Gaseous Ammonia Counteracts the Response of Scots Pine Needles to Elevated Atmospheric Carbon Dioxide

Four-year-old saplings of Scots pine (Pinus sylvestris L.) were exposed for 8 wk in controlled-environment chambers to charcoal-filtered air (FA), FA supplemented with 754 mg m-3 (650 μl l-1) CO2, FA supplemented with 100 μg m-3 NH3 and FA+CO2+NH3. Elevated CO2 induced a significant increase in the concentrations of NH4+ and NO3- in the soil solution, while exposure to NH3 enhanced the soil NH4+ concentration.

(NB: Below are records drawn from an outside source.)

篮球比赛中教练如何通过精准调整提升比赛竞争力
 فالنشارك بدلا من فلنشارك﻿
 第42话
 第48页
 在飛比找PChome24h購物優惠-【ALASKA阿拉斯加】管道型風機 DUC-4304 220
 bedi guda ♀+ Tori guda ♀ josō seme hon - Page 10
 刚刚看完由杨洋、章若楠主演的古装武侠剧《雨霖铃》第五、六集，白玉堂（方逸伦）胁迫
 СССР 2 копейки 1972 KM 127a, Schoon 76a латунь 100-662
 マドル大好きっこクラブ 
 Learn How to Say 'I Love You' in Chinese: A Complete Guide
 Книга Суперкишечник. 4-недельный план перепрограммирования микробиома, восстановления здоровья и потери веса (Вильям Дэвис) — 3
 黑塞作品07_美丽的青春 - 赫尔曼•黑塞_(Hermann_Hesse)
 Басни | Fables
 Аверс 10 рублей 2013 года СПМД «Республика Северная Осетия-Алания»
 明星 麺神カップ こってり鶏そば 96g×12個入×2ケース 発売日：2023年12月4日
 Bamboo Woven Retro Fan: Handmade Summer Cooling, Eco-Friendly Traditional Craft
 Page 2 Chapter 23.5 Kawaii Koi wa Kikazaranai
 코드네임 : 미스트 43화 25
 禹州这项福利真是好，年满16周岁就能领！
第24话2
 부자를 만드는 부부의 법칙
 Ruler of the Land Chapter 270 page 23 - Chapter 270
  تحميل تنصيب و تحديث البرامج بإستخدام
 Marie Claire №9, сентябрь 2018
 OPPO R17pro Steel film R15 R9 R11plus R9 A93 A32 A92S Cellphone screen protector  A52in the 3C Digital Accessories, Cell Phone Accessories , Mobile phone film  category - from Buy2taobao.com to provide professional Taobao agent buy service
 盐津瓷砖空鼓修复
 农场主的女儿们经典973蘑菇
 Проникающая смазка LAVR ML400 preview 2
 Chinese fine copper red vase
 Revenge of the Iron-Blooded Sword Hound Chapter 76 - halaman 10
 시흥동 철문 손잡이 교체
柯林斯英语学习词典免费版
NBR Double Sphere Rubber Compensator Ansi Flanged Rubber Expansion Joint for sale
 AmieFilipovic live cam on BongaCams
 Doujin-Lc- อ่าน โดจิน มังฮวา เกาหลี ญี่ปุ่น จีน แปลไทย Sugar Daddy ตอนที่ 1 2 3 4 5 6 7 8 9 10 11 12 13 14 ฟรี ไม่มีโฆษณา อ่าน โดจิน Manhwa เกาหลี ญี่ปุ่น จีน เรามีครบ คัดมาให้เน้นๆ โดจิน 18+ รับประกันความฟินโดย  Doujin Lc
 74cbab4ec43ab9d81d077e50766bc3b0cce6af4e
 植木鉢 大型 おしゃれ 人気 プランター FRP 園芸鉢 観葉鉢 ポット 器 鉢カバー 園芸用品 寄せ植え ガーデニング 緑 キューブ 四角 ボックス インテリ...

Elevated CO2 significantly increased needle biomass and area, and decreased specific leaf area (SLA) and N concentration in the needles. The activity of peroxidase (POD) was decreased, while the activities of glutamine synthetase (GS) and glutamate dehydrogenase (GDH) were only slightly affected. Gaseous NH3 enhanced the concentration of N, soluble proteins and the GS activity in the needles, while it decreased the POD and GDH activities. The effects of elevated CO2+NH3 on needle biomass production, N metabolism and POD activity were smaller than the effects of single exposures to elevated CO2 or NH3, suggesting that elevated CO2 and NH3 counteract each other and disturb needle physiology. The possible mechanisms underlying the negative interactions of elevated CO2 and NH3 are discussed. The expected stimulation of biomass production by elevated CO2 may be reduced in the presence of atmospheric NH3.